Demystifying Container Runtimes
What is a “Container Runtime”?
The term “runtime” is traditionally regarded as the lifecycle phase when a program is running, or the specific implementation of a language that supports its execution. An example being the Go runtime. The latter meaning is closest to the definition of a “container runtime”. At its core, a container runtime is the software responsible for running containers. As we will described, different container runtimes implement varying levels of features; but running a container is all that’s required to classify something as a container runtime.
Docker
Docker is a popular monolithic platform for all things containers with niceties such as:
- A container image format
- A method for building container images (Dockerfile /
docker build
) - A way to manage containers images (
docker images
,docker rm
, etc.) - A way to manage instances of containers (
docker ps
,docker rm
, etc.) - A way to share containers (
docker push/pull
) - A way to run containers (
docker run
)
However, none of these features are really dependent on each other. Each of these could be implemented in smaller, more focused tools that could be used together through a common format, a container standard. Because of this, the Open Container Initiative (OCI) was created. Docker then broke out these features and created a tool and library, runc
, and donated it to OCI as a reference implementation of the OCI Runtime Implementation.
It was initially confusing what Docker had contributed to OCI. What they contributed was a standard way to “run” containers, nothing more. When you run a Docker container, these are the steps Docker actually goes through:
- Download the image.
- Unpack the image into a “bundle”. This flattens the layer into a single filesystem.
- Run the container from the bundle (what Docker actually standardized).
Low-Level & High-Level Container Runtimes
Examples of container runtimes include: runc, lxc, lmctfy, Docker (containerd), rkt, cri-o. Each of these is built for different situations and implements different features.
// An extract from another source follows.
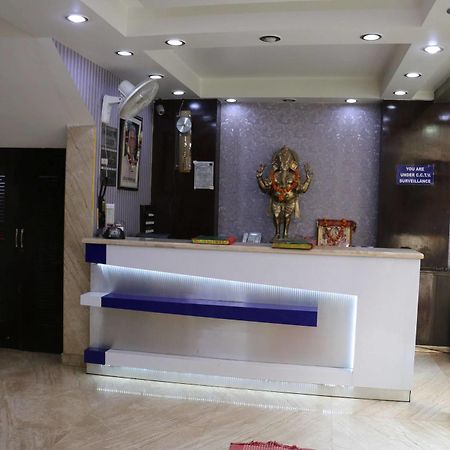 Hotel Seven Seas Inn New Delhi Exterior photo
Some, like containerd and cri-o, actually use runc to run the container but implement image management and APIs on top. You can think of these features which include image transport, image management, image unpacking, and APIs, as high-level features compared to runc’s low-level implementation.
Therefore for practical purposes, actual container runtimes that focus on just running containers are referred to as “low-level container runtimes”. Runtimes that implement more higher-level features are usually referred to as “high-level container tools”, “high-level container runtimes”, or “container runtimes”. It’s important to note that low-level and high-level container runtimes are fundamentally different things that solve different problems.
What is a Container?
Containers are implemented using Linux namespaces and cgroups. Linux namespaces let you virtualize system resources, like the filesystem or networking, for each container. Cgroups provide a way to limit the amount of resources like CPU and memory that each container can use. At the lowest level, a container runtime is responsible for setting up these namespaces and cgroups for containers, and running commands inside though namespaces and cgroups. Low-level runtimes support using these operating system features.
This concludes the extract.